5. Bonus Competition

This portion of the lab is not required. It’s for fun and a small amount of extra credit.

For a chance at extra credit and eternal CS 45 glory, you may optionally nominate your custom page replacement algorithm to compete against other submissions.

5.1. Rules for Participation

  1. To participate, you must define a third replacement policy, numbered 3, and write a brief description of the intuition behind your policy in a file named competition.txt. Just a couple of sentences is fine. If no competition.txt file is present, your submission will not enter the competition.

  2. You may NOT look ahead in the stream of memory accesses. That is, your simulator must only consider the address it’s currently translating plus any past information that it has seen, but it may not look at the addresses that will be accessed in the future.

  3. You may NOT submit your LRU or Clock implementation as your competition submission. It needs to be a new algorithm of your design!

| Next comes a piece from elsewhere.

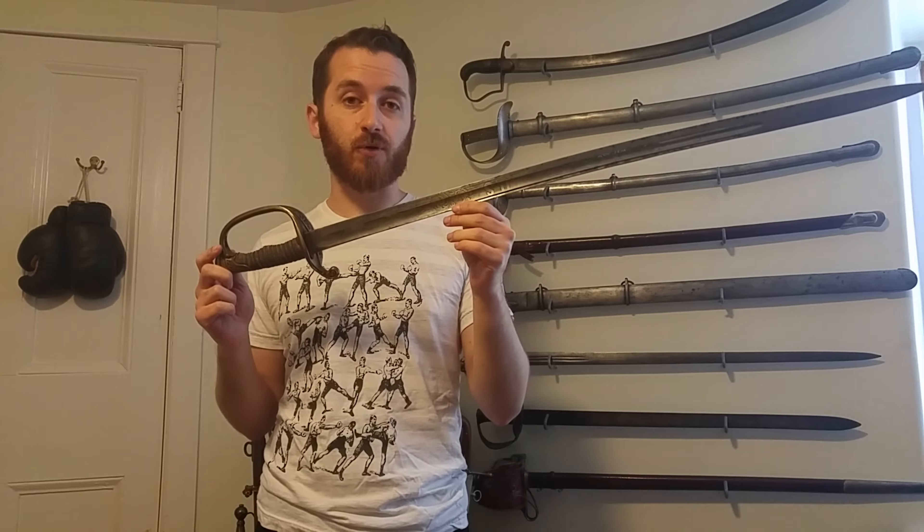In my last video I talked about the 1845 French saber, which attracted a lot of attention regarding the different uses of this model of saber in different armies around the world, including the United States Army. So today we're going to be talking about one such variant: the 1850 foot officer saber.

  4. Your policy must be deterministic. That is, given the same inputs it must always produce the same output.

5.2. Prizes

I’ll run your new policy on two address streams: one that has good locality, and another that has poor locality. For each of the two inputs, I’ll declare a winner and runner-up based on the total number of page faults. The winner gets 1 extra lab point, and the runner-up gets 1/2. In the interest of balance, a group can only win one of the two files, with the good locality file being determined first.

6. Submitting

Please remove any excessive debugging output prior to submitting.

To submit your code, commit your changes locally using git add and git commit. Then run git push while in your lab directory.